A familiar-looking woman tells him everyone has seven moons, which marks a week. He doesn’t understand what she’s trying to say. He figures that many of the other dead people in the lobby are victims of the Sri Lankan Civil War. Maali is a photojournalist and explains that he is needed by society. He realizes that the woman is a university professor named Ranee Sridharan, who was murdered by Tamil extremists in 1989.

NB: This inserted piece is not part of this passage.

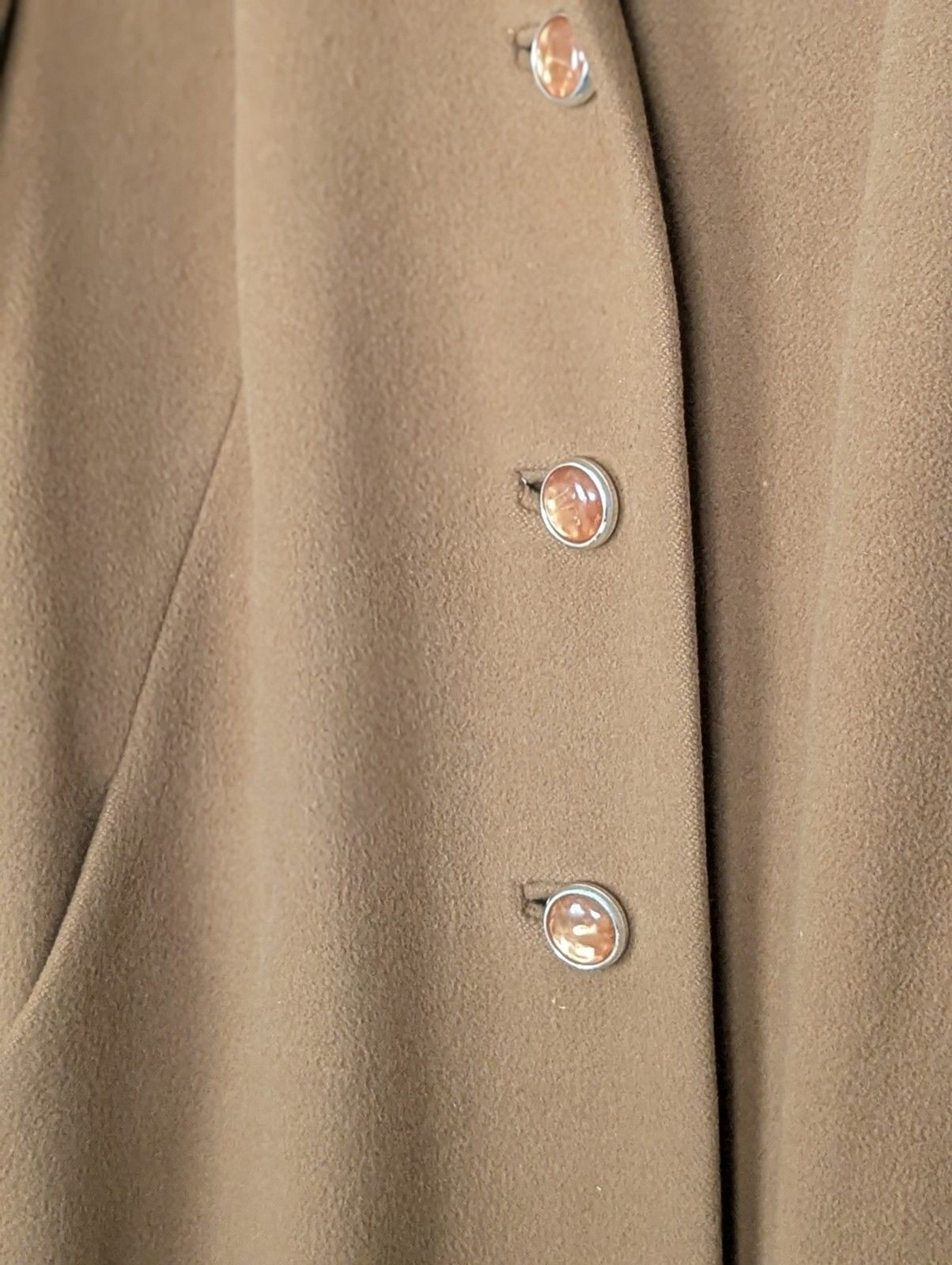 VTG 50s Chinese Cashmere Long Coat Fur Collar Womens XL Carmel Brown USA Made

Maali figures that “The odds of the soul surviving the body’s death are one in nothing, one in nada, one in zilch” (10), so he must be dreaming. He is informed by Dr. Ranee Sridharan that he must find the Light before his seven moons are up. A mysterious boy dressed in a hooded garbage bag encourages Maali to avoid the Light. Dr. Ranee shouts out at Maali as he follows the boy down the elevator. Maali follows him outside to the streets of Colombo, Sri Lanka. The boy has Maali’s sandal, which he found where Maali died.
Maali has a box of photographs that bear witness to the atrocities that have been going on in Sri Lanka. The photographs are under a bed at his Amma’s (mother’s) house, belonging to Amma’s cook and Dada’s driver. He wants to post the photographs all over Colombo and reveal the atrocities.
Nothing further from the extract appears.